BY CYNTHIA LEE
UCLA Today Staff
Taking advantage of deep cuts in summer fees due to a $14-million systemwide subsidy from the state, UC students are signing up in droves for UCLA Summer Sessions, fueling what may be at least a 40%-to-50% jump in enrollment over last year.
"We are experiencing unprecedented interest and demand for our classes," said David Unruh, director of Summer Sessions. With a month to go before the first session, 7,000-plus UC students have already enrolled at $76 per unit for undergraduates. "A year ago, we thought, 'Gee, if we could just grow by 20%, that would be wonderful," he said. Students also are taking more units on average, 8.5 versus 7.5 units last year.
To meet the demand, planners filled empty seats in existing classes before adding new courses and sections. The result: courses have grown by only 10%, but enrollment has risen. Filling up quickly have been the lab-based courses and composition classes.
And there has been no shortage of faculty to teach, Unruh said. In fact, UCLA will have a larger proportion of ladder faculty teaching this summer than its sister campuses.

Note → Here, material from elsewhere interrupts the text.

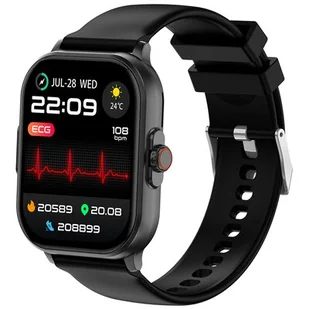 COLMI C63 Czarny - Smartwatch - miniaturka - grafika 1
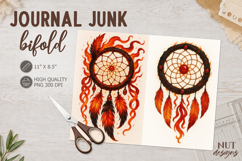 Fiery Dreamcatcher Junk Journal Bifold Flaming dreamcatcher Product Image 1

"Our intent is to build out what we can, to integrate summer study into the fabric of the campus, to change the student culture as best we can and to make summer study more attractive, more appealing and certainly cheaper," the director said. Administrators hope UCLA students will eventually come to expect to take summer courses at some time during their academic career.

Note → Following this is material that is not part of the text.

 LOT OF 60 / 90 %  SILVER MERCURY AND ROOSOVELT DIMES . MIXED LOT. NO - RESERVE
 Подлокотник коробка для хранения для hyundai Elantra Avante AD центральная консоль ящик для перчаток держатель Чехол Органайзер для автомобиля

To keep summer study from impacting a full slate of other programs on campus, academic, housing and facilities planners are coordinating their efforts. "We are working very hard to preserve existing programs, functions and services," Unruh noted.
To expand further, Summer Sessions is working with the engineering school and departments of psychology, English, political science, history and sociology to package courses specifically to give transfer students a head start in their majors. In fact, a limited number of incoming transfer students receive a $500 fee waiver if they enroll in specific courses toward their major.
Incentives of up to $500 are being offered to students who fell a course short of graduating this spring and seniors who are slated to graduate this fall if they take those missing courses in the summer.
"So we're trying to pull in both directions to get people to graduate in the summer," Unruh said.